We have discussed enough about the history and theory of abstractions of Storm; it's now time to pe in and see the framework in execution and get hands on to the real code to actually see Storm in action. We are just one step away from the action part. Before we get there, let's understand what are the various components that get to play in Storm and what is their contribution in the building and orchestration of this framework.
Storm execution can be done in two flavors:
Local mode: This is a single node and a nondistributed setup that is generally used for demo and testing. Here, the entire topology is executed in a single worker and thus a single JVM.
Distributed mode: This is a multinode setup that is fully or partially distributed and this is the recommended mode for real-time application development and deployment.
Zookeeper is actually the orchestration engine and bookkeeper for Storm. Zookeeper actually does all the coordination such as submission of topology, creation of workers, keeping track and checking of dead nodes and processes, and restarting the execution on alternate choices in the cluster in the event of failures of supervisors or worker processes.
A Storm cluster
A Storm cluster is generally set up on multiple nodes and comprises the following processes:
Nimbus: This is the master process of the Storm framework and can be considered analogous to the JobTracker of Hadoop. This is the process which owns the task of topology submission and distributes the entire code bundle to all other supervisor nodes of the cluster. It also distributes the workers across various supervisors in the cluster. A Storm cluster has one Nimbus daemon process.
Supervisors: These are the processes that actually do the processing. A Storm cluster generally has multiple supervisors. Once the topology is submitted to the Nimbus and the worker assignment is done, worker processes within the supervisor nodes do all the processing; these worker processes are started by the Supervisor daemon.
UI: The Storm framework provides the following browser based interface to monitor the cluster and various topologies. The UI process has to be started on any one node in the cluster and the web application is accessible at http://ui-node-ip:8080:
Now that we have an idea about the various processes and components of the Storm cluster, let's get further acquainted with how the various moving parts function together and what happens when a topology is submitted to the cluster.
Have a look at the following diagram:
This diagram depicts the following:
Nimbus: It is the master Storm process of the cluster, essentially a Thrift server.
This is the Storm daemon where the topology is submitted by a Storm submitter. The code distribution (the JAR file and all its dependencies) is done from this node to all other nodes of the cluster. This node sets up all static information about the cluster and topology; it assigns all workers and starts the topology.
This process also keeps a check and monitor on failure situations across the cluster.
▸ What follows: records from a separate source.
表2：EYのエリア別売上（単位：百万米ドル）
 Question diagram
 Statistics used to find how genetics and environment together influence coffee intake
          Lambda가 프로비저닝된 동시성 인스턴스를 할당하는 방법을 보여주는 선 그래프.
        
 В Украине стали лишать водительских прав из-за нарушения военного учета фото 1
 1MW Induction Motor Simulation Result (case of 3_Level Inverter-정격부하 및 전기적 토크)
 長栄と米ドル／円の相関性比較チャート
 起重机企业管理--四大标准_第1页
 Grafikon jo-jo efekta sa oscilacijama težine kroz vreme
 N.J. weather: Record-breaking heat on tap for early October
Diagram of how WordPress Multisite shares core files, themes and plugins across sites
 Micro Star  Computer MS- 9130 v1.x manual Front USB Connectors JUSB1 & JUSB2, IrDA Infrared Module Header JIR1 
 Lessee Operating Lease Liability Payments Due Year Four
If a supervisor node goes down, the Nimbus reassigns the tasks executing on that node to other nodes in the cluster.
Zookeeper: Once the topology is submitted (submission is done to the Nimbus Thrift server in JSON and Thrift), Zookeeper captures all worker assignments and thus keeps track of all processing components in the cluster.
Cluster synchronization and heartbeat tracking is done by Zookeeper for all worker processes.
This mechanism ensures that after the topology has been submitted, if the Nimbus goes down, the topology operations would still continue to function normally because the co-ordination and heartbeat is tracked by Zookeeper.
Supervisors: These are the nodes that take up the processing job from the Nimbus and execute various workers according to the assignment to execute the same.
Workers: These are the processes that execute within the supervisor nodes; the job assigned to them is to execute and complete a portion of the topology.
Executors: These are Java threads that are spawned by worker processes within their JVM for processing of the topology.
Tasks: These are the instances or the components within executor where actually a piece of work happens, or the processing is done.